Owain Glyndŵr's Wales
Aberystwyth was taken by Owain Glyndŵr’s forces in 1404. They were besieged by forces under the command of the Prince of Wales, the Duke of York and the Earl of Warwick in 1407, whose artillery failed to make much impression on those besieged, though a cannonball fatally wounded William Gwyn ap Rhys Llwyd of Cydweli.
Glyndŵr had a long standing relationship with Henry IV and a personal rivalry ensued between him and Prince Hal. After several months of siege, the defenders resolved to surrender the castle on 1 November (following negotiations by the Chancellor of the University of Oxford), but when the proposal was put to Glyndŵr, he threatened to execute the Welsh commander, took possession and directed the defence himself.
However Glyndŵr’s lack of sea power proved fatal and the castle finally fell to the besiegers at an uncertain date in the autumn of 1408 or early 1409, after their supplies had run out. From this point onwards, Glyndŵr was effectively no more than a guerrilla leader.

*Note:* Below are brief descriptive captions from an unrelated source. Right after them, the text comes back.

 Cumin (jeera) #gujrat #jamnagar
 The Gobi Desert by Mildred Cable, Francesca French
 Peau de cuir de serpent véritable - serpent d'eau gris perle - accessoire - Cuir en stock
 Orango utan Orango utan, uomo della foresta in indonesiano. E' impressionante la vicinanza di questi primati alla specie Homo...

There are certain detailed references to the campaign:
· On the 12th January, 1405, Owain Glyndwr sealed his treaty with the French 'in our castle in Llanpadarn.'
· Prince Henry (Henry V) attacked the castle with siege engines and cannon. This was one of the first times cannon were used in Britain. The English failed to take the castle and Henry complained that he had to pawn his jewels in order to support the expenses of the siege.
· Aberystwyth Castle was garrisoned by a few soldiers during the 15th century (typically one man at arms and 12 archers). After the Castle was regained by the English from Owain Glyndwr, it was not kept in good repair. A man at arms might mean one swords man and three archers.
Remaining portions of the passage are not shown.